It seems like ages since I checked out of my Portland hotel at 3a.m. Wednesday morning. It was fairly cold waiting for the train to arrive but the time passed quickly because I spent it talking to a very nice older man. He turned out to be a political refugee from Ethiopia. I was a little stressed at the Portland airport when, among other things, a TSA agent managed to break my cool dual-time watch when he wasn't paying attention and started running things off the end of the conveyer belt. He also smashed a guy's laptop so I certainly wasn't alone or the worse off.

In the Vancouver airport, they even had the International connections passengers go through the basement maze of Customs procedures. After several of the Portland passengers finally arrived at the gate for the Tokyo flight, we discovered that ALL of us were also connnecting in Tokyo for Bangkok-bound flights! Even stranger was that almost all of our Tokyo to Bangkok flights were on different planes that were scheduled to land within a half-hour of each other. There were four flights involved among the eight of us; it felt like an episode of "The Amazing Race"! We spent the next three hours talking about Thailand and giving each other tips about what to do and see.

The Air Canada flight to Tokyo was nine hours of bordom. I tried to read and sleep but neither worked so I watched two of the three movies ("Must Love Dogs" which I enjoyed and "Batman Begins" during the last hour of which I dozed off and on).

They hadn't let any of us check in for the Bangkok-bound flights in either Portland or Vancouver, and I'm sure each of us has similar experiences in Tokyo. That airport was the most confusing I've yet been in. After following the signs for International Transit Passengers, I found myself confronted by a security checkpoint. Not having a boarding pass yet, I asked an officer where to check in for my flight. He said I could do that at my flight's gate and waved me through. However, there was nobody at the gate, just a sign saying the flight would be delayed ten minutes.

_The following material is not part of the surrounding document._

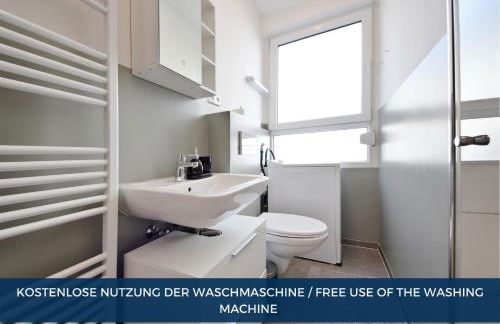 RtR Apartment Herne - Für bis zu 2 Personen - Voll ausgestattet - Zentrum - Smart TV - WIFI - Modern - Foto 9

I didn't see any of the people I'd befriended in Vancouver so after several minutes of waiting, I went in search of someone who could help me. The person manning an information booth seemed confused after looking at my Air Canada ticket and made a couple of phone calls. She then told me I had to go back through security and check in at Japan Airlines which seemed odd to me since it was a code-share with Royal Thai Airlines, All Nippon Airlines, and Air Canada NOT JAL. Still, she assured me that this was the case. The time for the flight to leave was rapidly approaching...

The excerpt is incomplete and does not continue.